▶ Required work
Produce a faithful copy of the data, one that leaves out the pictures.

[Start of section]

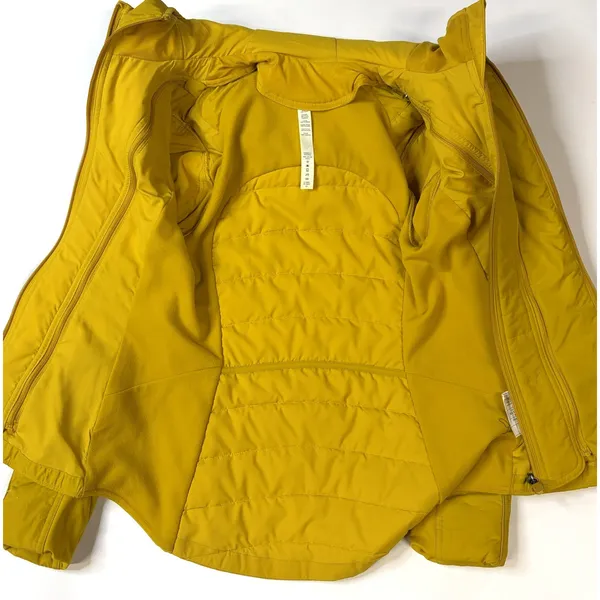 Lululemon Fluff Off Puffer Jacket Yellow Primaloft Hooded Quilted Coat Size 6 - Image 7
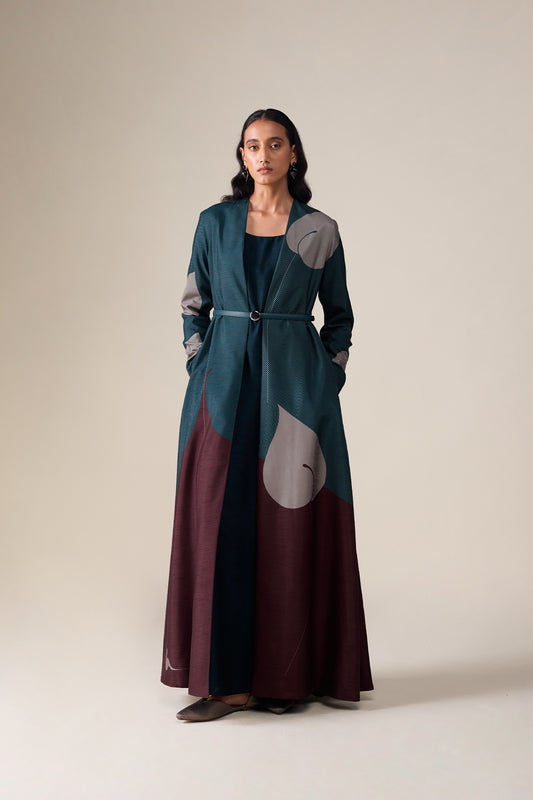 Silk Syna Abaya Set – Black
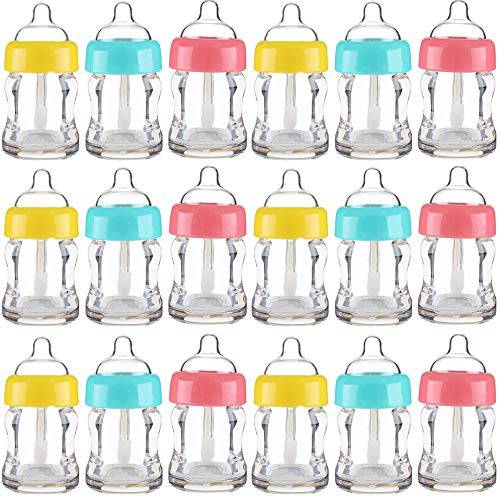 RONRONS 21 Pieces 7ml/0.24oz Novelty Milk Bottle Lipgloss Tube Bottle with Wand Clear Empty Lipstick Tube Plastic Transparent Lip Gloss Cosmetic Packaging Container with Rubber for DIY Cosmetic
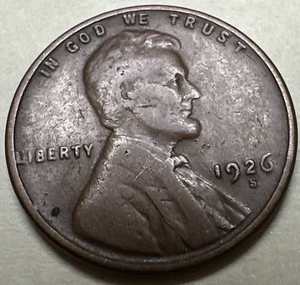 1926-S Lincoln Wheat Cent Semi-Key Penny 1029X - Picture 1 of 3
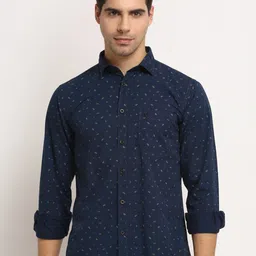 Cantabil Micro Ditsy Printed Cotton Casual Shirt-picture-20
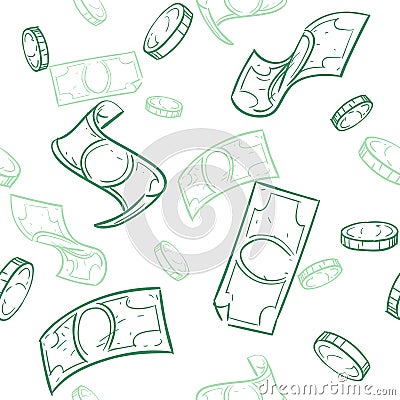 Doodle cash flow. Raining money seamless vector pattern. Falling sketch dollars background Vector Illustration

[End of section]

▶ Answer to the problem
 Lululemon Fluff Off Puffer Jacket Yellow Primaloft Hooded Quilted Coat Size 6 - Image 7
 Silk Syna Abaya Set – Black
 RONRONS 21 Pieces 7ml/0.24oz Novelty Milk Bottle Lipgloss Tube Bottle with Wand Clear Empty Lipstick Tube Plastic Transparent Lip Gloss Cosmetic Packaging Container with Rubber for DIY Cosmetic
 1926-S Lincoln Wheat Cent Semi-Key Penny 1029X - Picture 1 of 3
 Cantabil Micro Ditsy Printed Cotton Casual Shirt-picture-20
 Doodle cash flow. Raining money seamless vector pattern. Falling sketch dollars background Vector Illustration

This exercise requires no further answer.